Нименский стал для меня настоящим старшим товарищем и другом. На третьем курсе к нам из Армении приехал легендарный композитор Авет Тертерян, я у него полтора года по оркестровке учился.

Это было настолько неординарным событием в моей жизни, что всё, о чём говорил и чему учил в оркестровом письме Тертерян, запало на всю жизнь.

Думаю, что уроки В. А. Кобекина по мелопее (мелодическое письмо) оказали также большое влияние на мою технику композиции.

— Расскажите про особенности Уральской консерватории… — Уральская консерватория у меня ассоциируется с кафедрой композиции и моим профессором А. Н. Нименским.

С годами думаю, что период учёбы в консерватории, совпавший со сменой политического и экономического строя страны, защитил меня от внутреннего слома.

В то время я с головой ушёл в учёбу, в консерватории находился с раннего утра до позднего вечера, а когда устроился сторожем в консерваторию, то в моём распоряжении были любые классы консерватории для занятий.

Такая замкнутая на консерватории жизнь была островом стабильности в те шальные времена девяностых, когда повсюду процветал уличный бандитизм.

Постоянное общение со своим учителем и творческая работа охраняли от внешнего безумства, которое творилось во всех областях жизни.

Подобно тому как в Средние века монахи укрывались за стенами храмов — в местах концентрации культуры, так и мы во времена девяностых укрывались в консерватории от безумства вульгарного окружающего мира, который распространялся и проникал всюду.

В одной из первых в стране в Уральской консерватории появилась кафедра электронной музыки.
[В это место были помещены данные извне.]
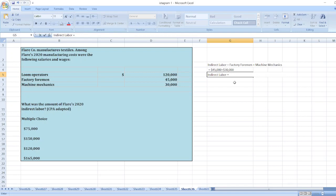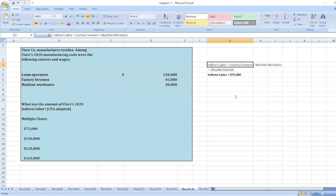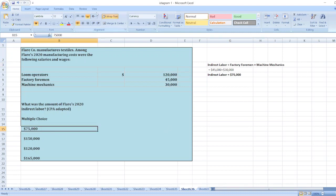45 plus 30... 70, sorry, 75,000 dollars. So the right option is option first: seventy-five thousand dollars. Here is our solution.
Я был в числе первых студентов, которые официально обучались на этой кафедре.

В то время появление компьютера было событием для нас. Композиторы постоянно находились в электронной студии. Мы слушали новую электронную музыку, общались, обменивались информацией о технических возможностях аппаратуры, программ.

Для меня было какое-то таинство, когда оставался один в студии, работая над учебным электронным проектом.

Благодаря заведующему кафедрой композиции А. Н. Нименскому не была утрачена и до сих пор существует давняя традиция исполнять произведения выпускников кафедры композиции силами Уральского филармонического симфонического оркестра.

Это является уникальной возможностью для студентов — выпускников кафедры композиции Уральской консерватории — услышать впервые свои оркестровые опусы в исполнении одного из лучших оркестров страны.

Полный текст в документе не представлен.